Start of SOURCE MATERIAL

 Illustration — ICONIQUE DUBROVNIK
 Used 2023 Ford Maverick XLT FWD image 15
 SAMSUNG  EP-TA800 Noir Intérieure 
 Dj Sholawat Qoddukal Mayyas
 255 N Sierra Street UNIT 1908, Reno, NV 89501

End of SOURCE MATERIAL
Start of SOURCE MATERIAL

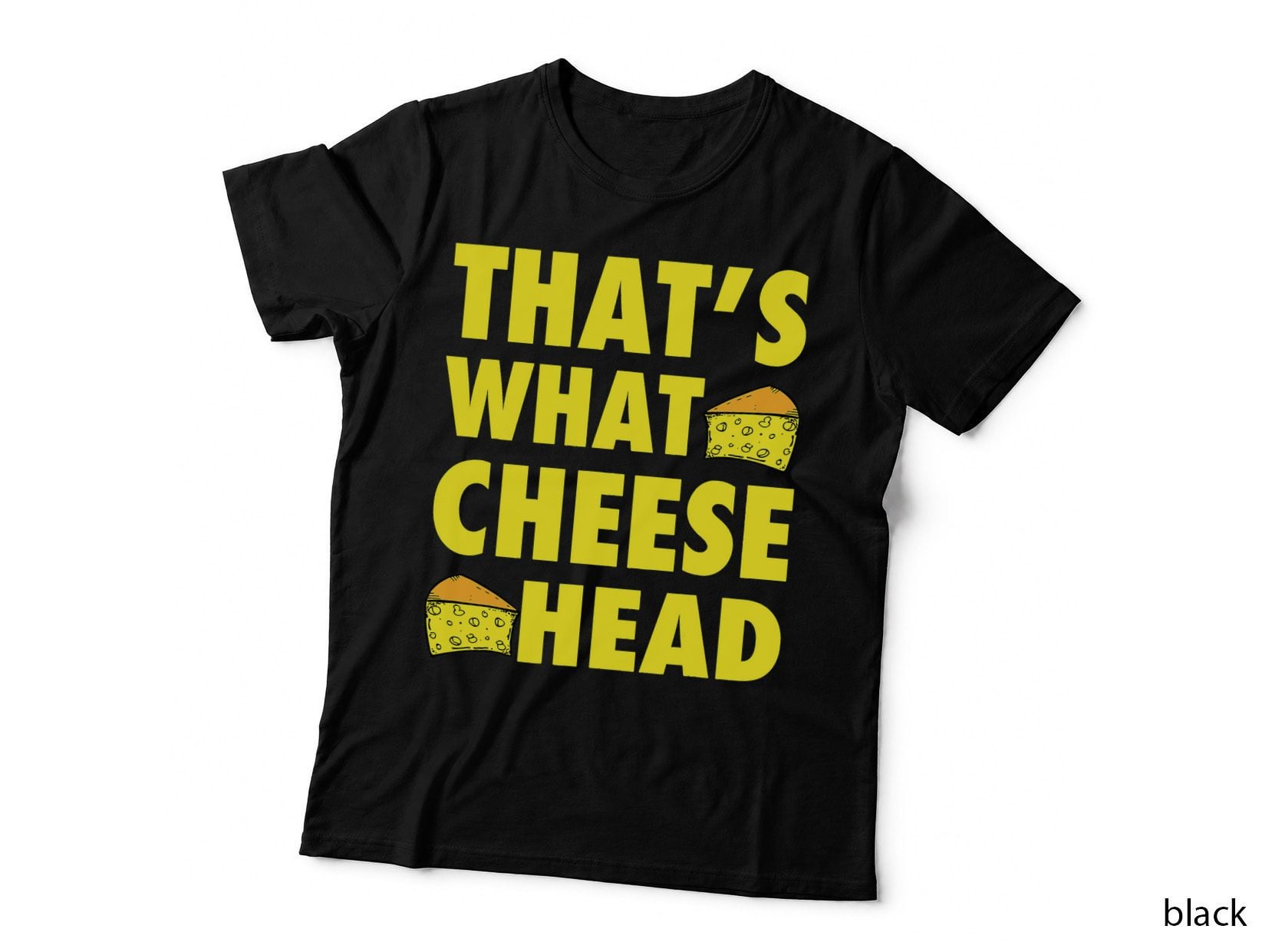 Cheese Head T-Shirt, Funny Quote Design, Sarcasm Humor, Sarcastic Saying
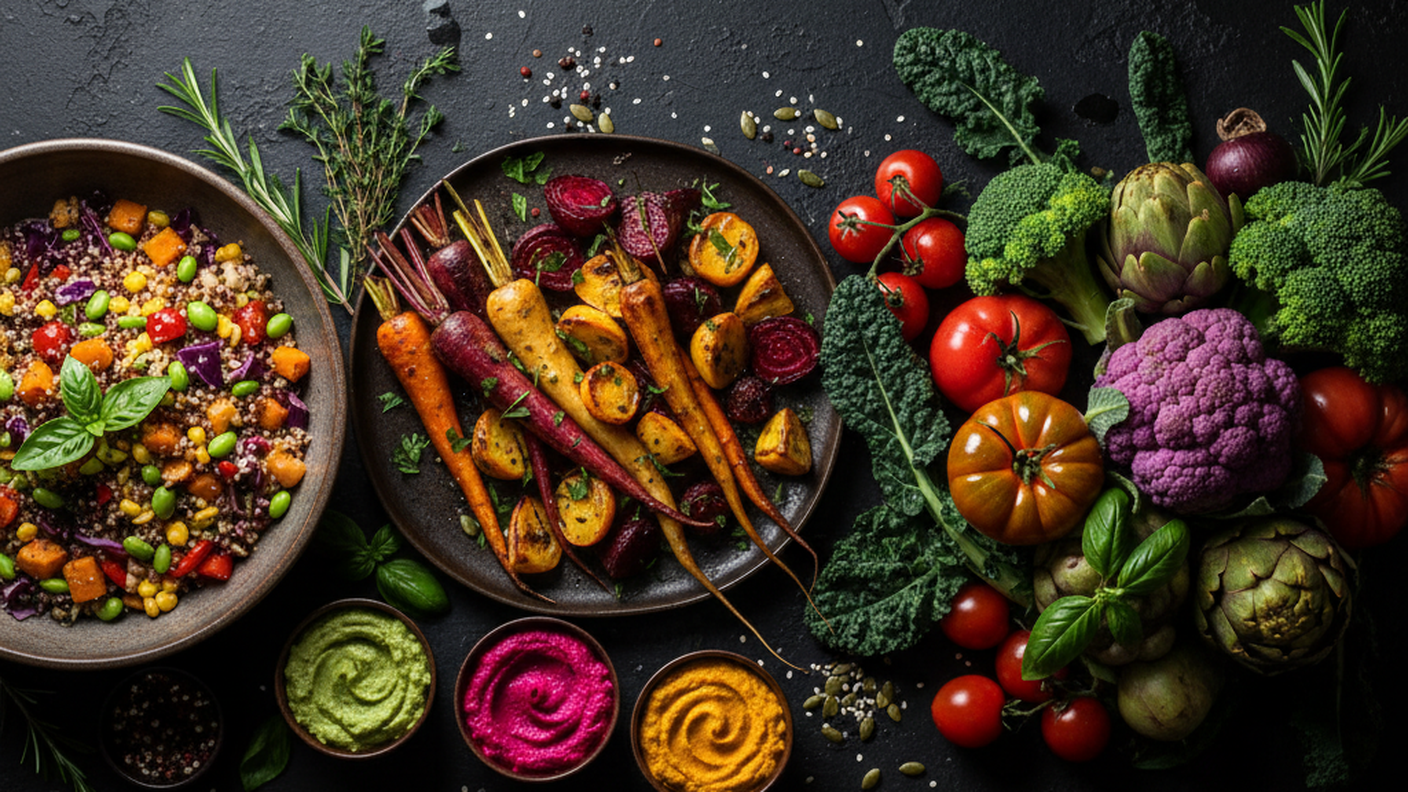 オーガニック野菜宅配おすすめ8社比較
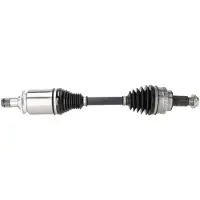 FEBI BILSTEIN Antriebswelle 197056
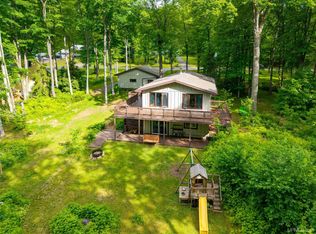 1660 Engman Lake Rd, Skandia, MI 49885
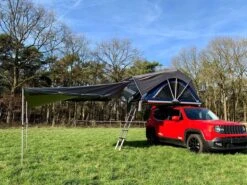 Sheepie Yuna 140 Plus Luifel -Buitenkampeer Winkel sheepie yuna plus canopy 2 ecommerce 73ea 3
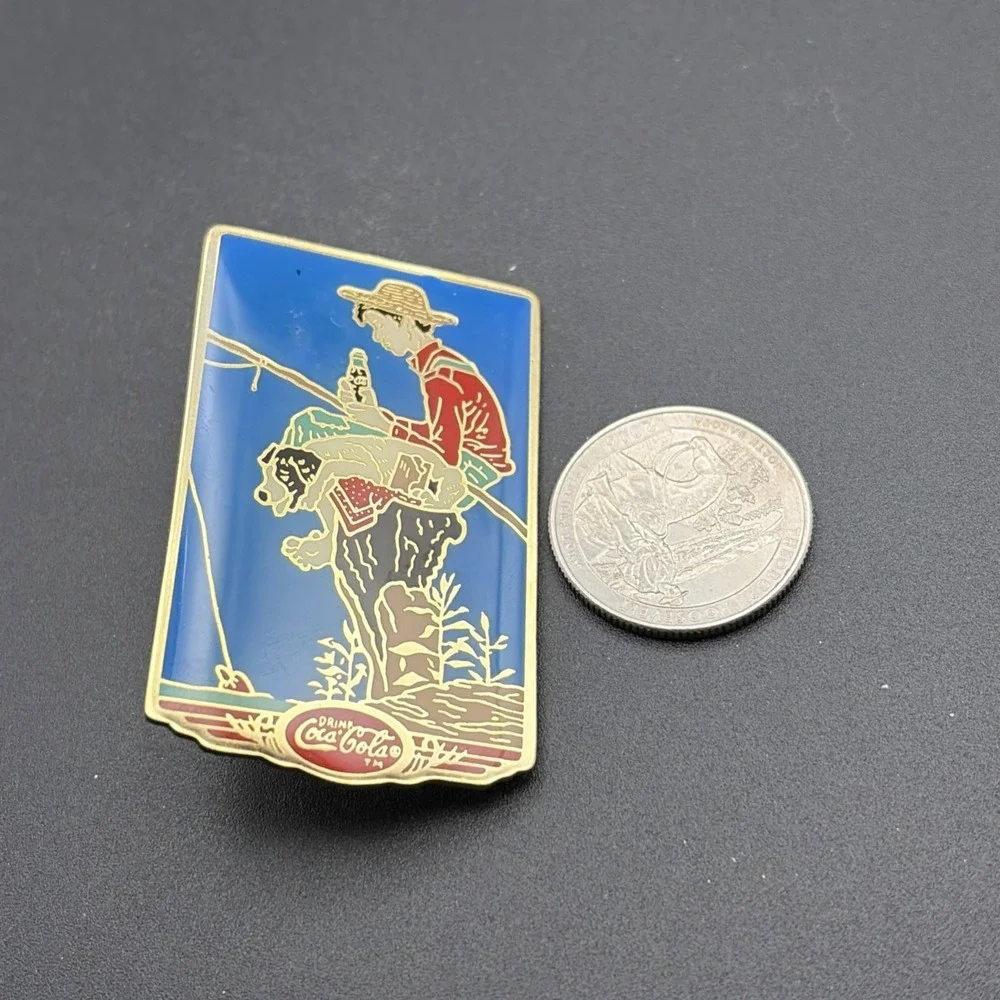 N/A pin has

End of SOURCE MATERIAL

Look above for the line with "EP-TA800 Noir Intérieure" and the line with "255 N Sierra", and reproduce exactly those two lines plus every line between, nothing more.

 SAMSUNG  EP-TA800 Noir Intérieure 
 Dj Sholawat Qoddukal Mayyas
 255 N Sierra Street UNIT 1908, Reno, NV 89501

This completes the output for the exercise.